Wednesday, October 12, 2005

Those loathsome French

It all seemed like such a good idea at the time. In a carefully choreographed move yesterday, Washington and Brussels launched an attempt to revitalise stalled WTO negotiations, announcing subsidy cuts for farmers in the United States and the European Union.

According to The Guardian, US trade representative, Robert Portman, led the way with an offer to cut want the paper called “the most trade-distorting American farm support” by 60 percent by 2013, provided Europe responded with its own 80 percent reduction.

The much-rested Peter Mandelson then responded by calling the US offer "constructive” and announced a plan to cut EU agricultural subsidies by 70 percent and to set a ceiling of 10 percent for industrial tariffs.
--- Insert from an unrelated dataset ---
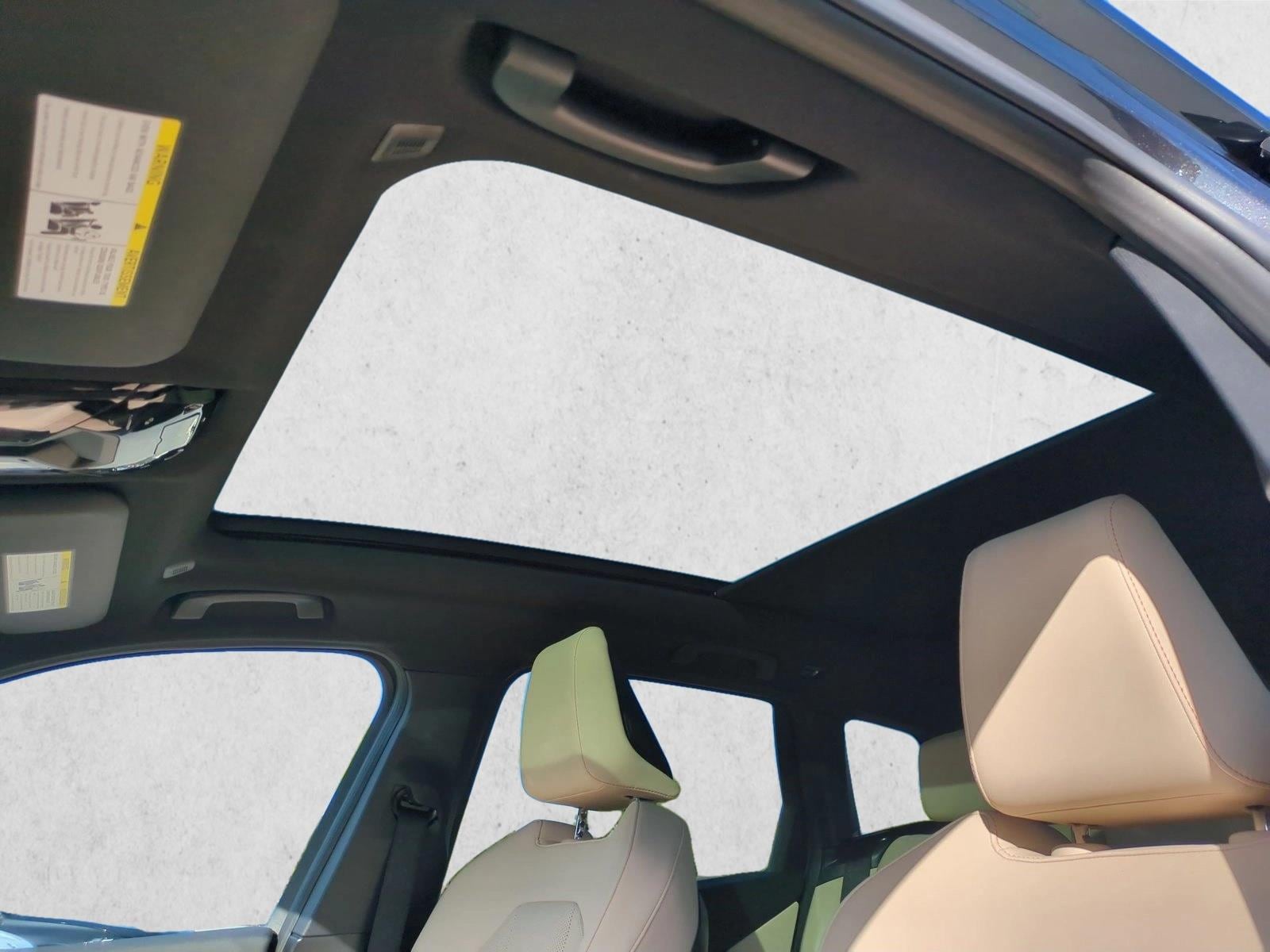 2025 BMW X3 30 - Photo 15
Trebles all round and much jollification – apart from Oxfam, which immediately started peering deep into the horse’s mouth - as this was seen as the breakthrough that would allow progress to be made in the other areas covered by the Doha round of negotiations launched almost four years ago. But that was to reckon without the utterly loathsome French.

By the afternoon, according to Reuters, French trade minister Christine Lagarde (above) was accusing Mandelson of going too far, complaining that he had not consulted EU member states enough beforehand.

With hauteur characteristic of the breed, she sniffed: "The points on which I think Commissioner Mandelson went beyond the conditions and principles of his mandate, and his obligation on transparency with member states, concern in particular the positions he took on agriculture," adding, "We need to remind the commissioner of the red line of his mandate."

We have said it before, and we'll say it again. The French political breed is utterly loathsome. The case for cutting subsidies and opening our markets to the developing world is unarguable and, for want of concessions by the developed states, hundreds of thousands if not millions of people die each year. But does that worry that shoddy crew in Paris? Does it heck. They really, really are loathsome.